Known as the “Swan City,” Grande Prairie is a bustling and vibrant town less than 62 miles from Alberta’s border with British Columbia. One of the larger towns at the southern end of the scenic aspen parkland known as Peace River Country, its picturesque landscape is best known as the nesting ground for the iconic birds but also boasts serene provincial parks, miles of hiking trails and world-class museums that delve into the region’s prehistoric past.
Visitors rave about the one-of-a-kind interactive exhibits at the Phillip J. Currie Dinosaur Museum just west of town. Dedicated to experiential learning, the museum features educational tours, fossil beds, augmented-reality videos and special events throughout the year, all of which bring guests closer than they’ve ever been to Alberta’s paleontological past.
History buffs can continue their deep dive at Heritage Park Historical Village, which features 14 restored buildings, including an 1896 Hudson Bay Outpost. Tours of the grounds and adjacent museum give visitors an in-depth glimpse into the challenges and joys of life for the area’s early settlers.
Nestled on the shores of Saskatoon Lake, the Saskatoon Island Provincial Park serves up tranquil views, calm water and the chance to see migrating trumpeter swans. This bird species earned its name for its loud, trumpet-like call, but it might be best known for its graceful appearance. Wingspans often exceed 10 feet.
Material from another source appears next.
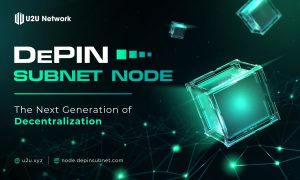 Read more about the article U2U Network Introduces First DePIN Subnet Node Sale for Decentralized Infrastructure Growth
Trails to Natural Treasures
Running through the heart of Grande Prairie, Muskoseepi Park is an innovative and extensive 1,100-acre green space that has been a gathering place for locals since the earliest settlers. These days, there are six distinct areas of the park, including a fishing pond stocked with rainbow trout.
Days of Music and Rodeos
Grande Prairie locals have learned how to take advantage of the region’s pleasantly mild summers. The result is a series of festivals that celebrate the rugged history and fun-loving mentality of today’s residents. Stompede, a five-day rodeo held in June every year since 1977, sees as many as 50,000 visitors converge on the city for pro-level rodeo competition. Spectators can watch thrilling chuck wagon racing, win stuffed animals on the midway, peruse arts and crafts and enjoy tasty treats. The Bear Creek Folk Festival is another summer classic, featuring 30 artists from across the country on four stages. Despite its considerable size and scope, Bear Creek is the rare family-friendly music festival.